Turning Lecture 3 into a mini-project!
In lecture 3, we BA standardized BA by season so that we could compare players from different eras. Try this with different statistics. You can even create your own. You can use the baseball dataset we have been working with or if you want to work with a different sport try one of these datasets:
- NBA Boxscores Dataset for the 1996/7 - 2015/16 seasons.
- NHL Boxscores Dataset for the 2005/6 - 2015/16 seasons.
- NFL Boxscores Dataset for the 2005/6 - 2015/16 seasons.
Like before, you probably want to subset on players who have played some minimum number of games, taken a minimum number of shots, or some other eligibility criteria. Also, for the NFL and NBA data the statistics will be position specific so you’ll want to consider a specifc position or set of positions (e.g. WR and TE or all defensive backfield positions).
- Build a histogram of the standardized statistic you created for a particular season (choose your favorite).

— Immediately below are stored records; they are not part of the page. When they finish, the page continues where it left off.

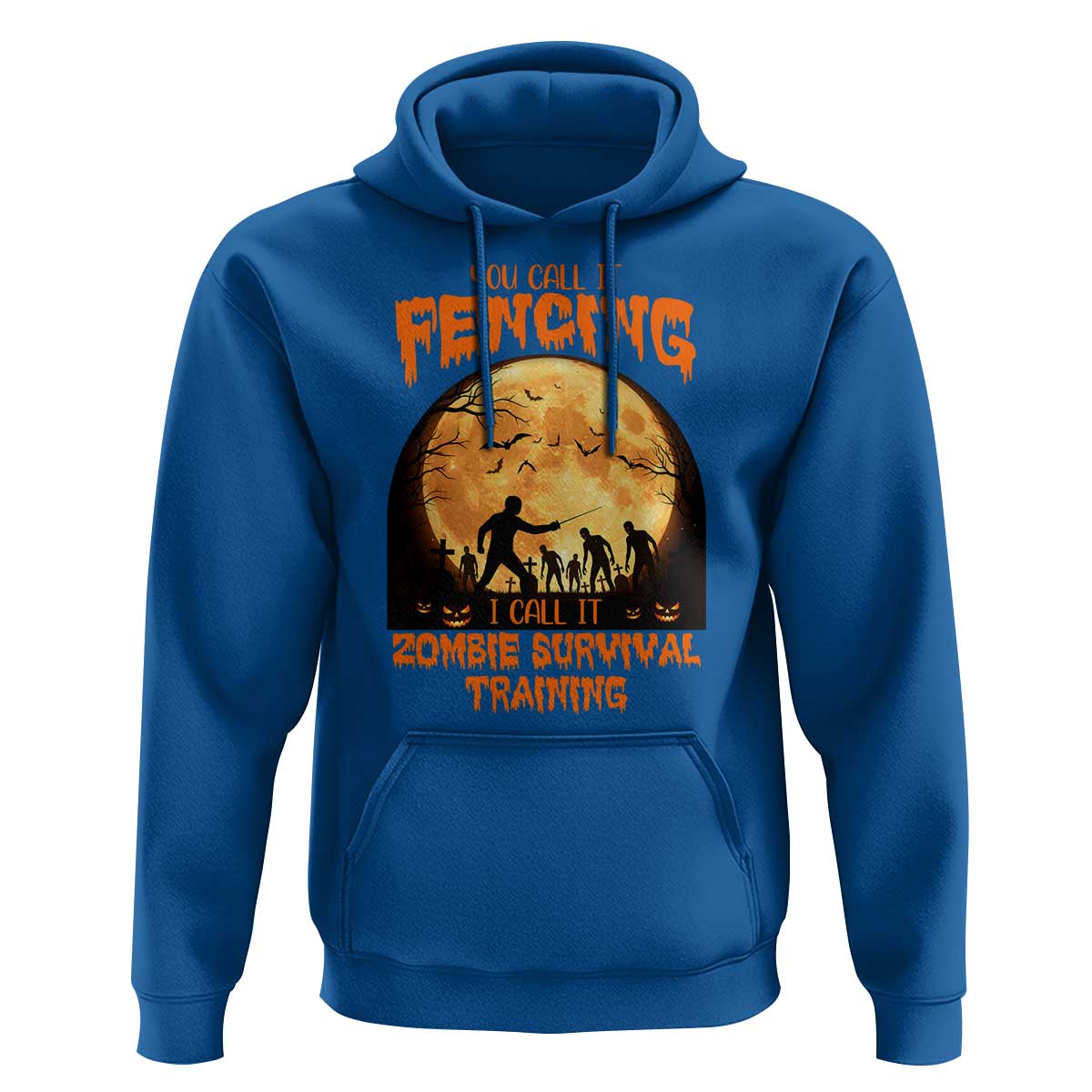 Funny Fencing Halloween Hoodie You Call It Fencing Zombie Survival - Wonder Print Shop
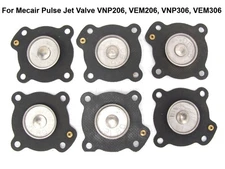 (6 Pcs) For MECAIR - DB-16 - DIAPHRAGM REPAIR VNP206, VEM206, VNP306, VEM306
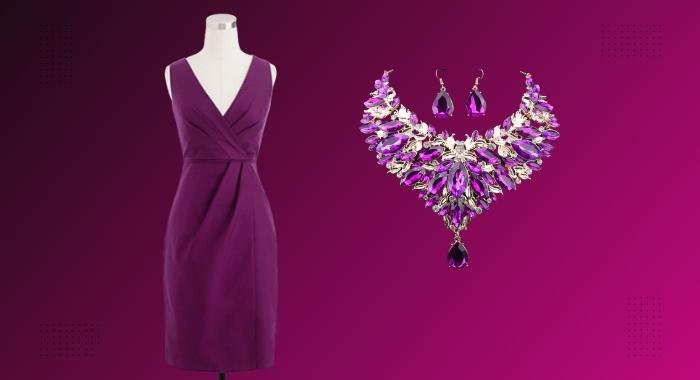 What Jewelry to Wear with Purple Dress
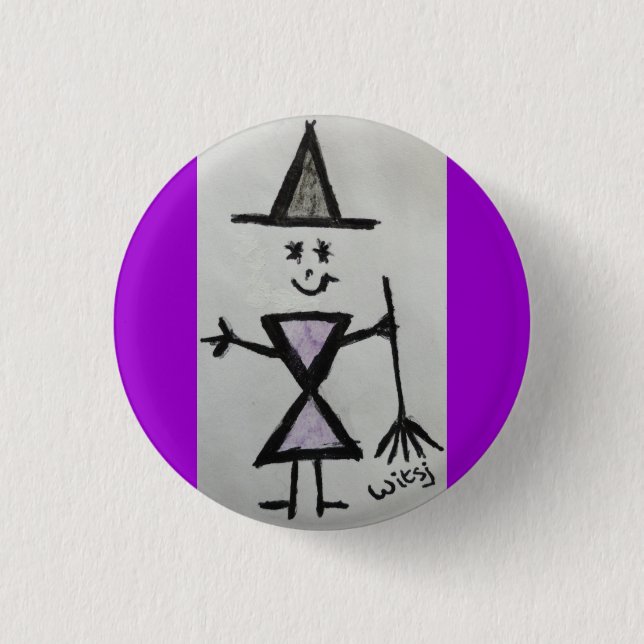 wicca kind button (Vorderseite)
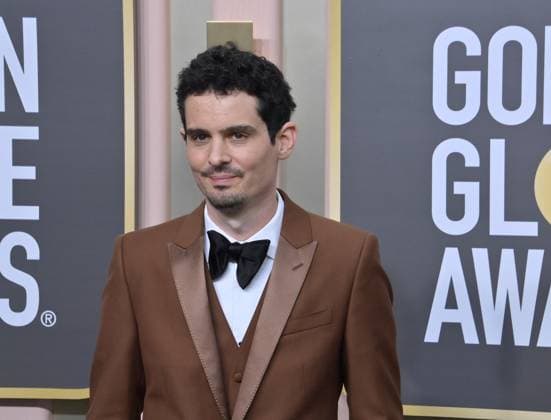 Damien Chazelle arrives for the 80th annual Golden Globe Awards at the Beverly Hilton in Beverly Hills, California on Tuesday, January 10, 2023.  LAP20230110239 JIMxRUYMEN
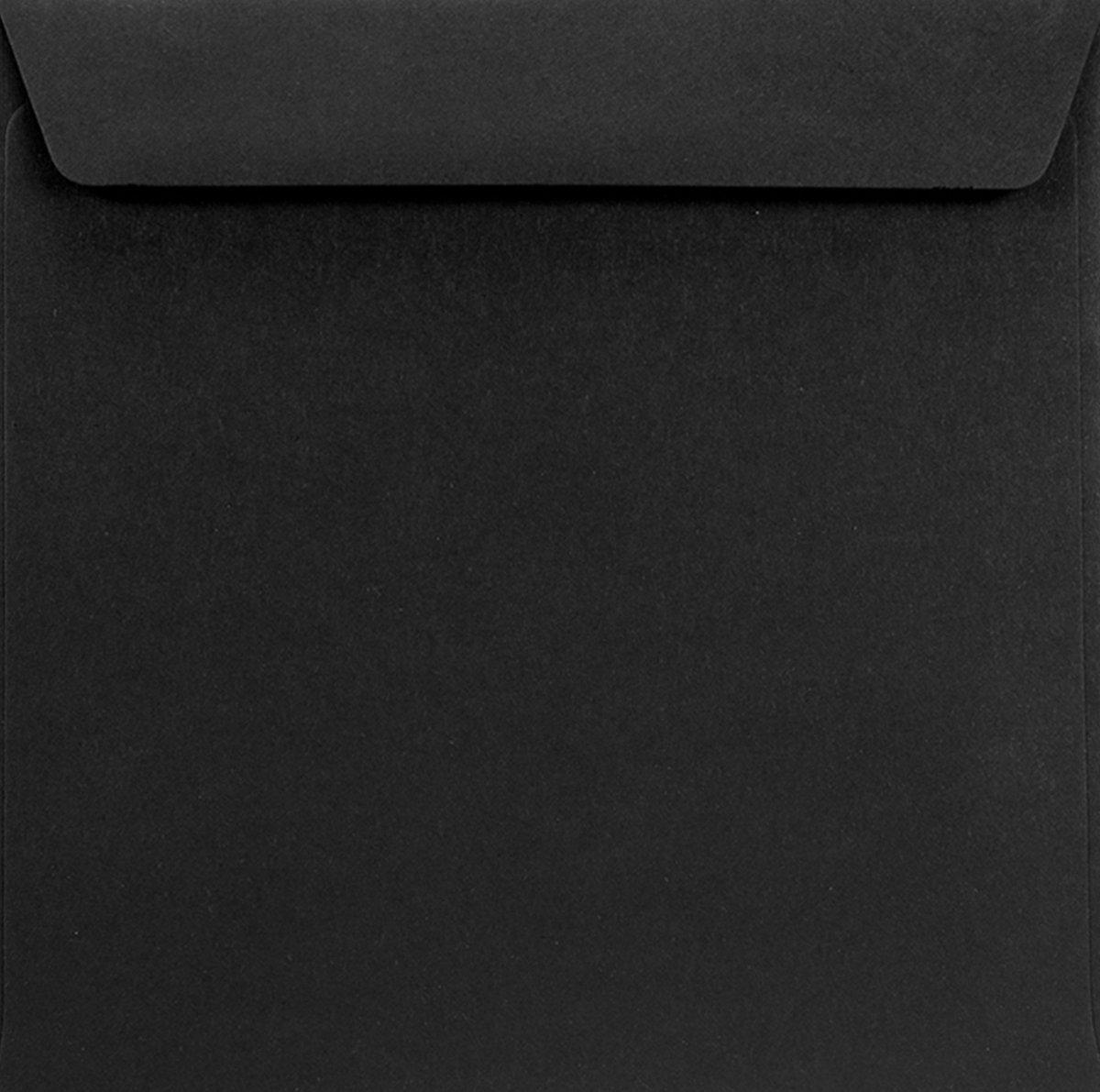 Gladde zwarte enveloppen vierkant K4-156 - 156 x 156 mm - 25 stuks - HK zelfklevend met plakstrip - 120 gram - Burano - Netuno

Does the empirical rule apply? Are there any players who stand out?
- Can you make some interesting plots?
Turning the mini-project into your end-of-camp project
For the projects you’ll work on next week, you can expand on your mini-project in one of several directions. For instance:
How does a recent player compare to a player from an early season?

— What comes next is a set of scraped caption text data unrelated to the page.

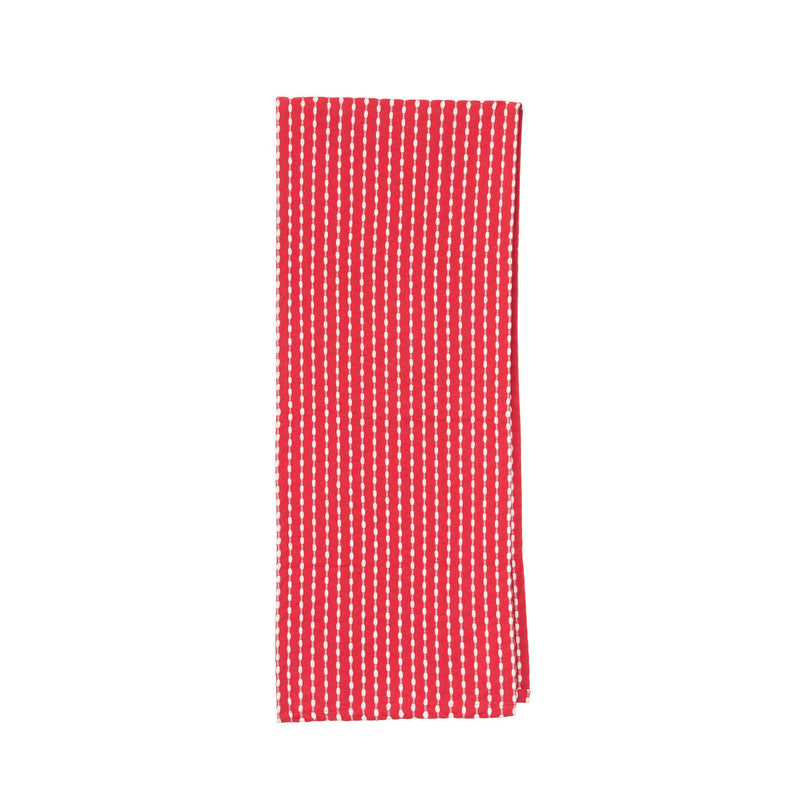 Cotton Woven Table Runner, Red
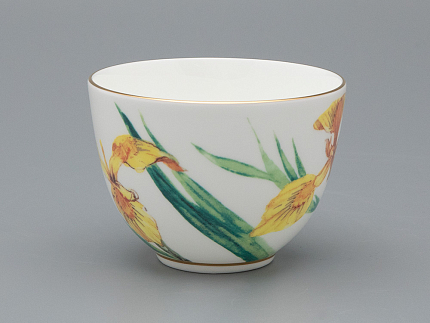 Чашка с блюдцем L’Art des Fleurs в подарочной упаковке, форма Весенняя 2, рисунок Лесной свет, арт 81.33401.00.1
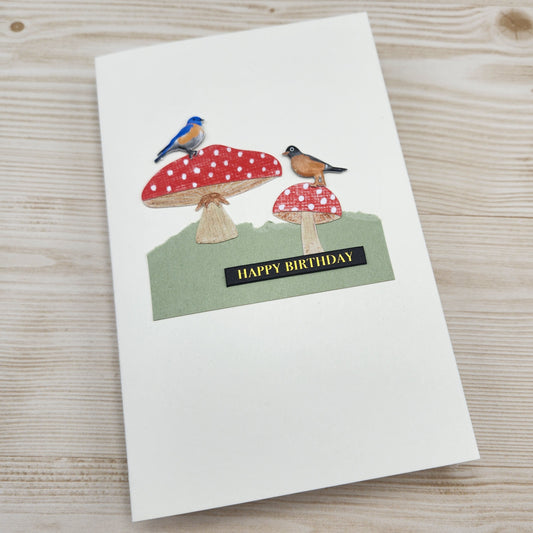 Blue Bird & Robin Brads 12/Pkg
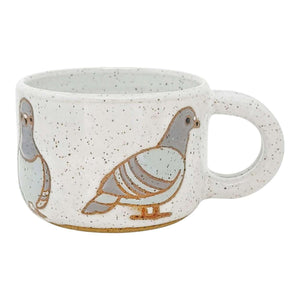 Mug - 12oz Medium (Pigeons) by Annie’s Potteries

How does a particular player’s standardize performance track over the time frame we’re considering?
Can you recreate this analysis for different positions?
- Are there differences in the time trends between positions over time?
- Is the statistic you are analyzing more volatile for different positions?
- Have certain positions seen changes in the volatility of the statistic over time?
Compare two players who played different positions using the standarized scores where you don’t split by position and the scores when you do.
- Do you get different conclusions? Does one comparison make more sense?
Make some informative plots! For example, plot the mean of your statistic over seasons with lines to indicated +/- 2 SDs. Can you figure out how to plot points for the players in each season who don’t fall inside the +/- 2 SD “band”? Can you label them?